▸ **Source data**
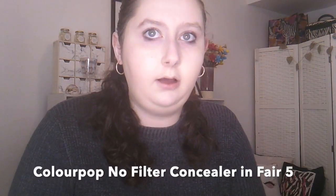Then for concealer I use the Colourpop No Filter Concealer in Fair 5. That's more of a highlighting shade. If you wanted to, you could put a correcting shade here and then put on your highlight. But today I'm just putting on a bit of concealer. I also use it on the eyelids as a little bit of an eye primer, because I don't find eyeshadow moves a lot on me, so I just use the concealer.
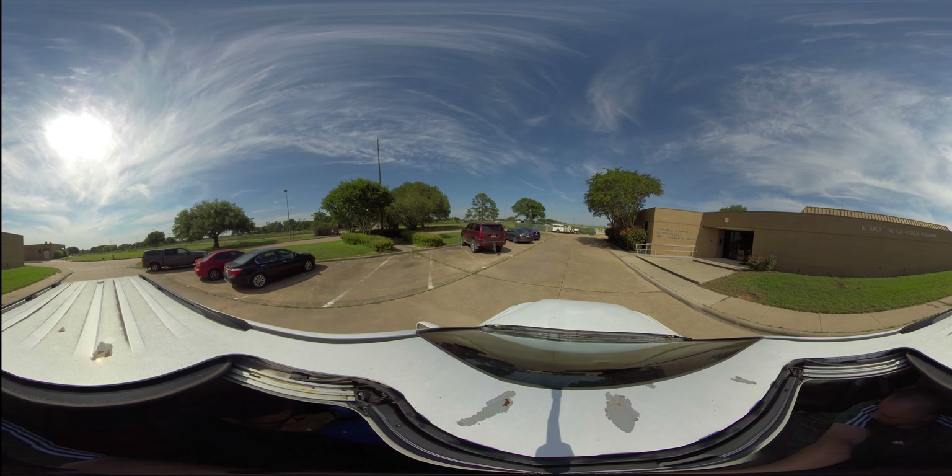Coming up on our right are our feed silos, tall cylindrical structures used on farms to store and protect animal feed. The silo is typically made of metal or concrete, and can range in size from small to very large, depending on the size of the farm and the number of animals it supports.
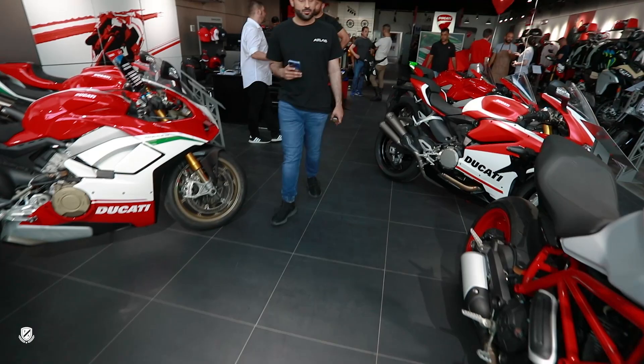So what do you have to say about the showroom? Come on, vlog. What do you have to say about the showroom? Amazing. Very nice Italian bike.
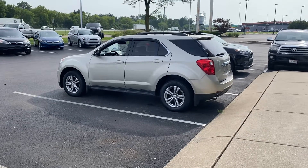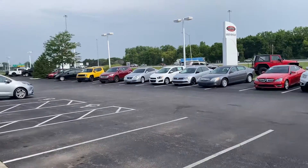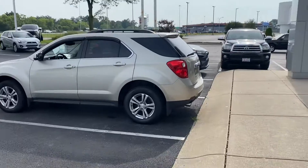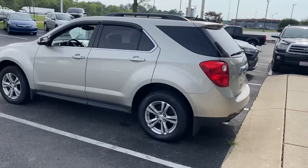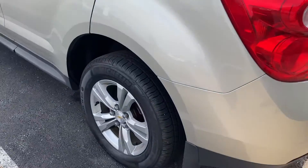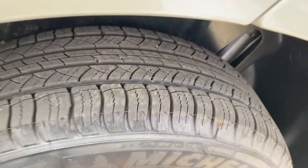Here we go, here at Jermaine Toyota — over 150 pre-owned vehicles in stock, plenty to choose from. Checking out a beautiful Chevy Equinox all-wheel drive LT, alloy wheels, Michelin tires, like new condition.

...

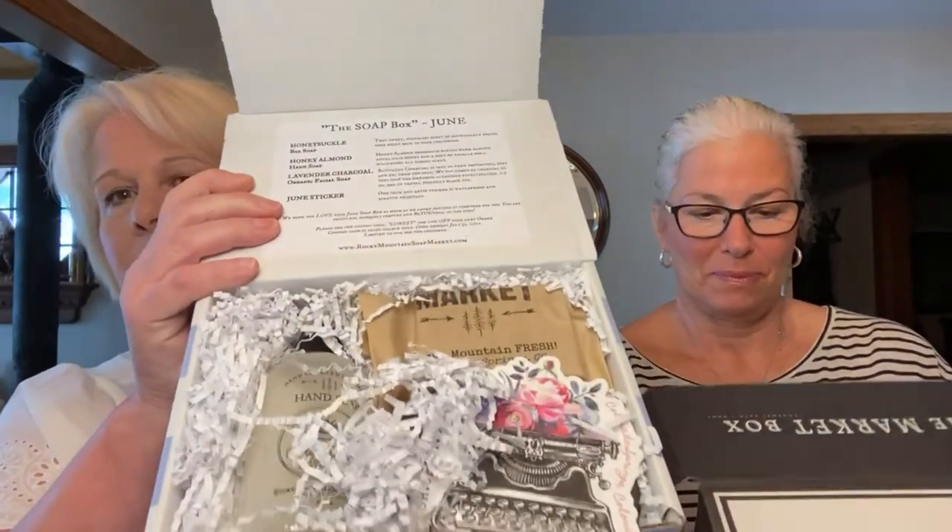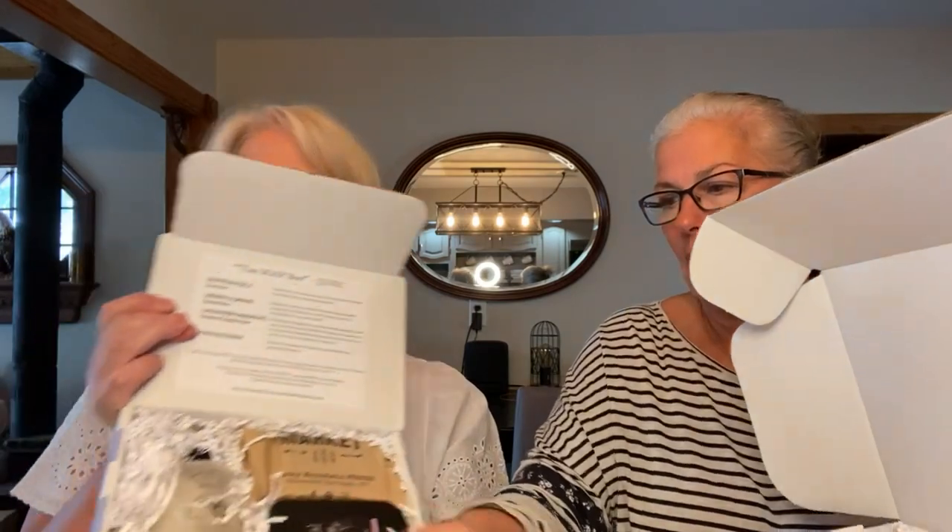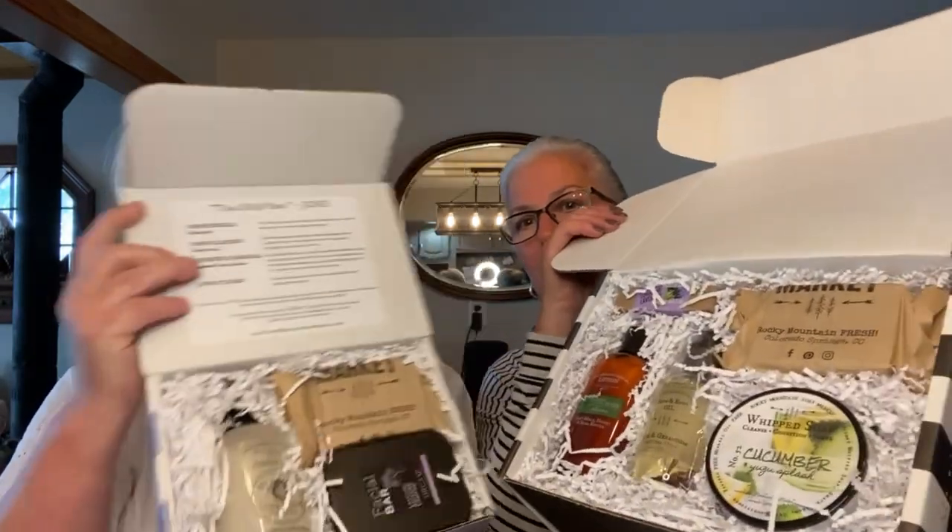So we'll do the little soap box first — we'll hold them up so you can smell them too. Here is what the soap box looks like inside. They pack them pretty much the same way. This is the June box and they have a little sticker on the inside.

▸ **Your objective**
In the listing above, find the line containing "Then for concealer" and the line containing "Coming up on", then return both of them and every line between, exactly, without pictures.

▸ **Exercise output**
Then for concealer I use the Colourpop No Filter Concealer in Fair 5. That's more of a highlighting shade. If you wanted to, you could put a correcting shade here and then put on your highlight. But today I'm just putting on a bit of concealer. I also use it on the eyelids as a little bit of an eye primer, because I don't find eyeshadow moves a lot on me, so I just use the concealer.
Coming up on our right are our feed silos, tall cylindrical structures used on farms to store and protect animal feed. The silo is typically made of metal or concrete, and can range in size from small to very large, depending on the size of the farm and the number of animals it supports.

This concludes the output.